You have to hand it to the second-tier accountancy firms. Though many would feel that the proposed mega-mergers were almost by definition going to put the biggest firms out of their reach, they insist on seeing this as an opportunity.
And, in a sense, they are right. The planned combinations of Coopers & Lybrand and Price Waterhouse - which the European Commission's competition authorities last week confirmed would be subjected to a full investigation - and KPMG and Ernst & Young, which is likely to meet the same fate in the coming weeks - will, if approved, create global accounting and consulting behemoths dedicated to serving the interests of the world's most powerful companies.
Though the firms insist that the interest in smaller organisations that has developed over recent years will remain, it is widely reckoned that this will eventually and inevitably fall victim to the drive to serve those huge and demanding clients.

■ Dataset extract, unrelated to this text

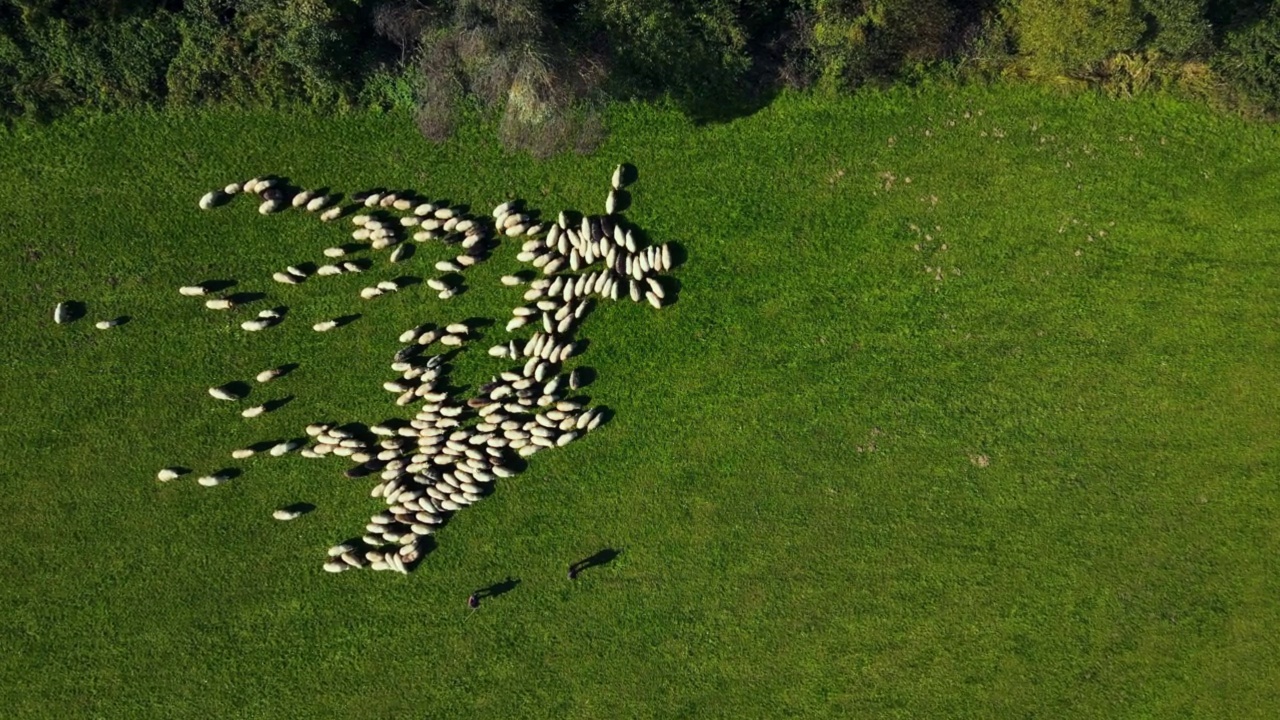 一群羊在绿色的草地上吃草。在绿色的牧场上吃羊视频下载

Moreover, interesting and worthwhile as working with small and medium-sized enterprises can be in the long term, it is widely acknowledged that such efforts are never going to produce the level of fees needed to keep a multinational entity employing 100,000 or so people running.
Enter, then, the likes of Pannell Kerr Forster, which last week produced its second set of annual figures. As John Wosner, the firm's outgoing national managing partner, made clear, the results do not show the same sort of heady growth as was reported last year.
But - with partners' average earnings slightly up, at pounds 112,000 a head, and profits steady at pounds 15.86m on marginally lower fees of pounds 72.7m - the firm has some justification in claiming that it is in good shape to gain from any fall-out.
Not that Mr Wosner, who retires from the post this week after four years at the helm, believes it is going to be easy to pick up extra work in the SME area. Clients take longer to switch firms than the people doing the work, because of the loyalty factor, he believes. But, in keeping with the firm's long-standing policy of looking out for good people in the Big Six, it has already started to pick up some at the level of partners and senior managers.
People who are not yet partners, and see their career paths limited by the creation of huge firms, as well as partners who do not want to be part of great monoliths, are showing a willingness to move, he claims.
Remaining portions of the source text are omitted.